▸ Problem to solve: Starting at the line with "Western Blot Adenylate" and stopping at the final line, retype the data below exactly; do not carry over any pictures.

▸ Study material:
##########

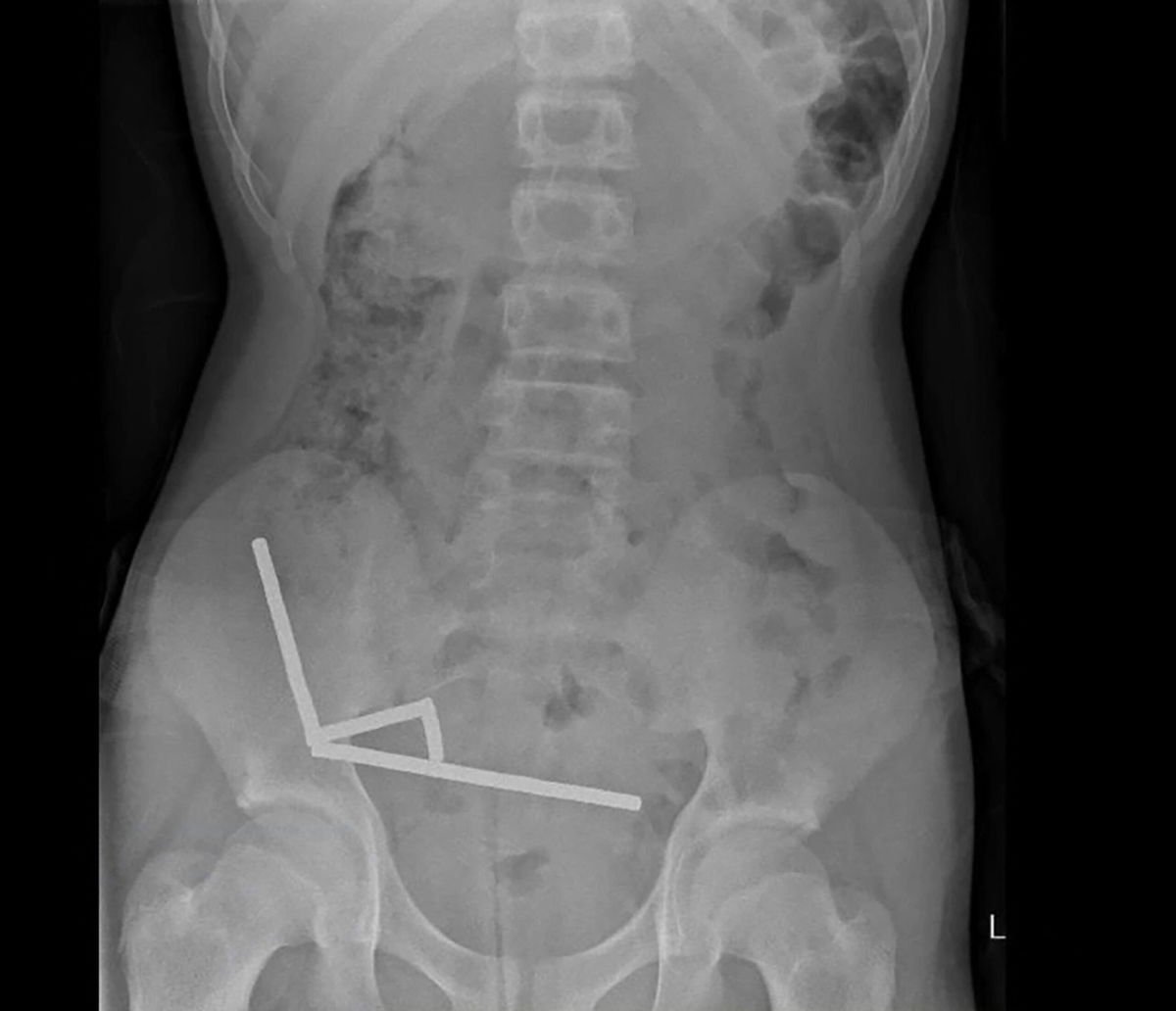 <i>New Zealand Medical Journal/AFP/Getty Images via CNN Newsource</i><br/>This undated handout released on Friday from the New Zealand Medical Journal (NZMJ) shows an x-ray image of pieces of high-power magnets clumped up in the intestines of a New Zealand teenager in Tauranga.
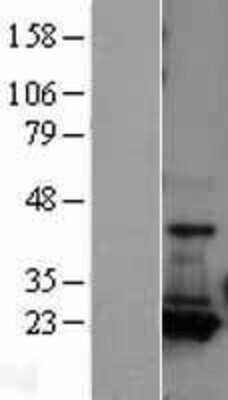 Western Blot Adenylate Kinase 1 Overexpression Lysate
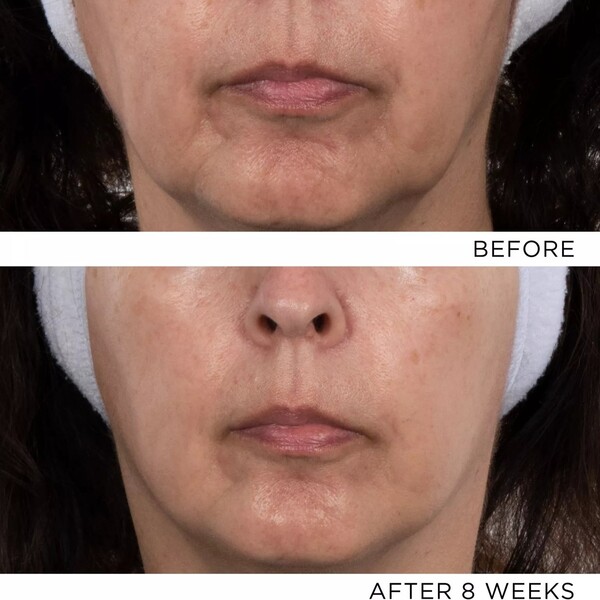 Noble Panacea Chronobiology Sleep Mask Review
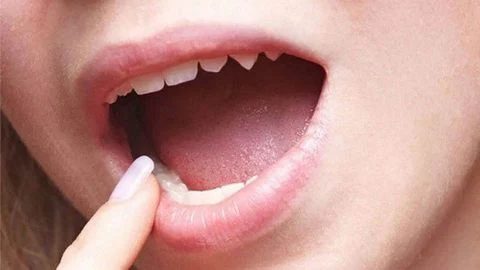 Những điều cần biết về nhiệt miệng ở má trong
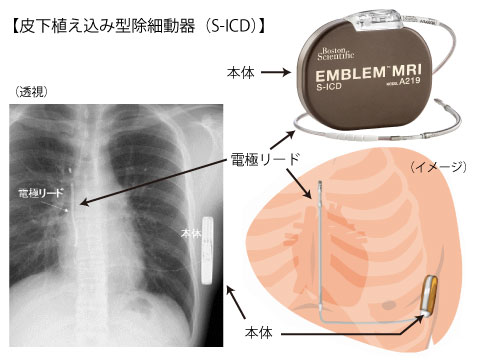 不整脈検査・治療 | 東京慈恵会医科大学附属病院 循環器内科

##########

▸ Written answer:
 Western Blot Adenylate Kinase 1 Overexpression Lysate
 Noble Panacea Chronobiology Sleep Mask Review
 Những điều cần biết về nhiệt miệng ở má trong
 不整脈検査・治療 | 東京慈恵会医科大学附属病院 循環器内科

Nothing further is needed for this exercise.